[SUPPLIED INFORMATION]
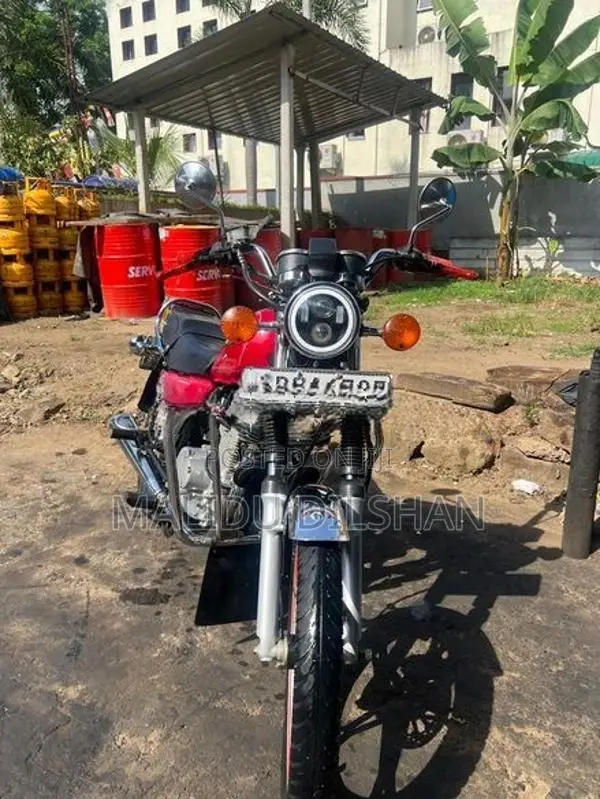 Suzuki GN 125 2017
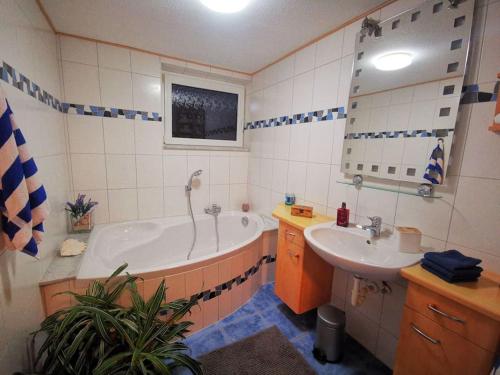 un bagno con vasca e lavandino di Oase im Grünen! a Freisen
[/SUPPLIED INFORMATION]
[SUPPLIED INFORMATION]
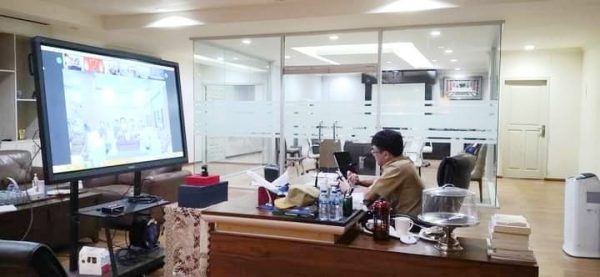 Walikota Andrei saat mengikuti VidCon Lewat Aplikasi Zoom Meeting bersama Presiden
[/SUPPLIED INFORMATION]
[SUPPLIED INFORMATION]
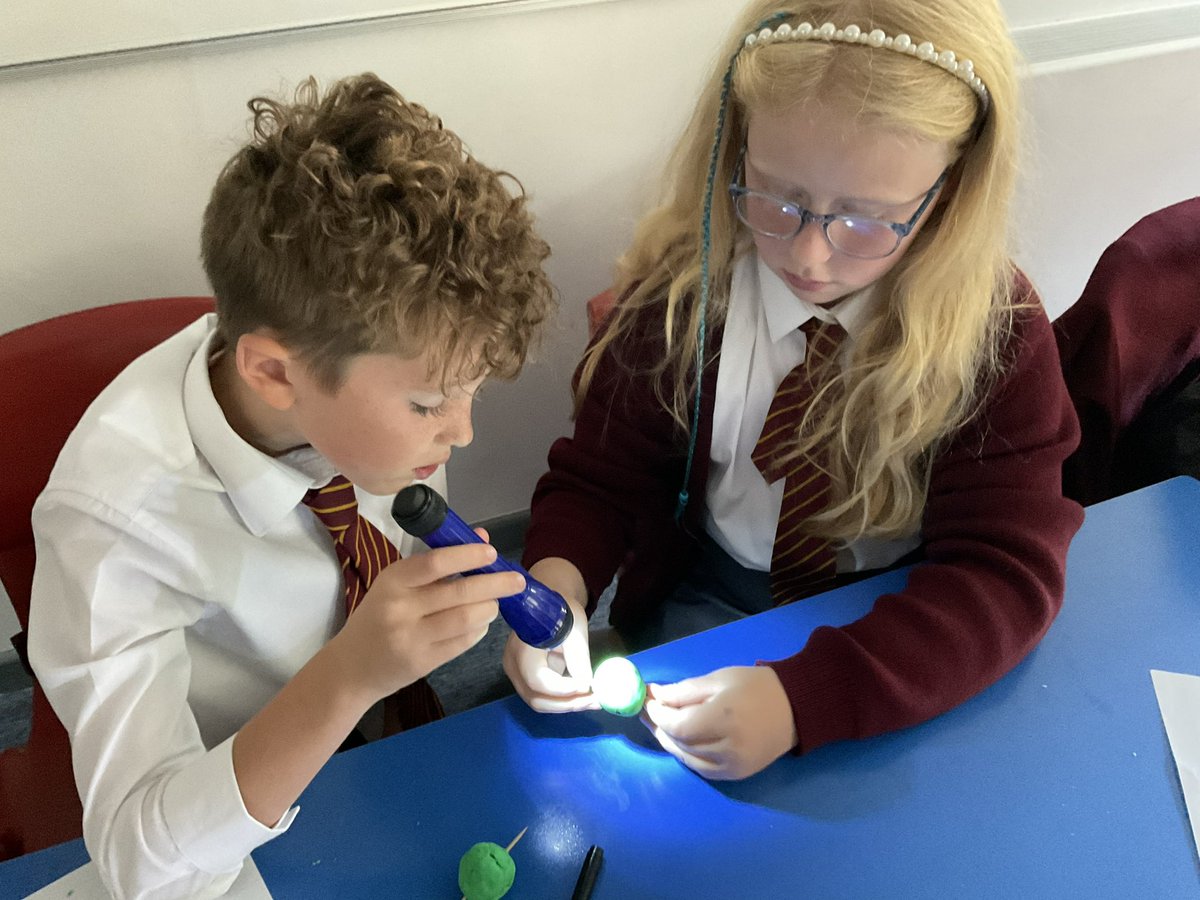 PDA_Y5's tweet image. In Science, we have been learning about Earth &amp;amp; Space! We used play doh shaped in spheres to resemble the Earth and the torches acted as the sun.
[/SUPPLIED INFORMATION]
BRIEF: Of the records above, print only the lines from the one containing "Suzuki GN 125 2017" through the one containing "un bagno con", inclusive and unaltered, leaving out pictures.

ANSWER AREA:
 Suzuki GN 125 2017
 un bagno con vasca e lavandino di Oase im Grünen! a Freisen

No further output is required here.